Given a vector of input features, classify a boolean output variable.
* What is the formula for information content?
I(a, b) = -alog2(a) - blog2(b)
* What is the formula for information gain?
Gain = I(p / (p + n), n / (p + n))
- sum(i = 1->k){(p_i + n_i)/(p + n) * I(p_i/(p_i+n_i),n_i/(p_i+n_i))}
# Groupwork 14
* How are data instances represented in machine learning?
Feature vectors.
* What are the inputs and outputs in the training phase for classification w.r.t machine learning?
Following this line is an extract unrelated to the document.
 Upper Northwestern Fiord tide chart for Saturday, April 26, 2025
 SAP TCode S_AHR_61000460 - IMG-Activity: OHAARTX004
Input: data instances and their correct labels
Output: The classification model
* What are the inputs and outputs in the testing phase for classification w.r.t machine learning?
Input: a data instance
Output: Its label
* How might classification be used in machine learning to analyze news articles?
Classify news articles in relation to their topic.
* How does clustering differ from classification?
Clustering needs to infer the groups that are present in the data.
* How does regression differ from classification and clustering?
Regression works on continuous data sets.
* What does the maximum margin classifer do when given two sets of differently laballed data instances?
Draws a line that is the maximum distance away from each set of instances.
* When would we choose to use an SVM classifier?
- High-dimensionality data.
- Little training data.
- Data has a geometric interpretation.
- High precision is critical.
* When would we prefer clustering over classification?
Very sparse high dimensional data.
* What type of learning would we use to recommend a book?
Supervised or unsupervised learning.
* What type of learning would we use to play tic-tac-toe?
Reinforcement learning.
* What type of learning would we use to learning to play music?
Reinforcement learning.
* What type of learning would we use to decide on a credit limit?
Supervised learning.
# Groupwork 16
* What is ensemble learning?
"Real-life committee structure".
Building different experts and letting them vote.
* What are two characteristics of bagging w.r.t ensemble learning?
- Several training sets of the same size.
- Produce by sampling original set with replacement
- Build variations on model for the same type of classifier
- Combine predictions by voting
* What is a type of classifier that is well suited for bagging?
J48.
Any learning scheme where small changes in input can cause a big change in the
model.
* What is a type of classifier that is not well suited for bagging?
Naive Bayes.
* What is the key difference between random forests and bagging?
Random forests randomize the algorithm, not the training data.
* What are 2 characteristics of boosting w.r.t ensemble learning?
- Iterative: New models influenced by previous models.
- Extra weight for instances that are misclassified.
- Encourages new model to be an expert for instances misclassified
- Weights votes according to performance.
* What are 2 characteristics of stacking w.r.t ensemble learning?
- Combine predictions of past learning using a "meta learner".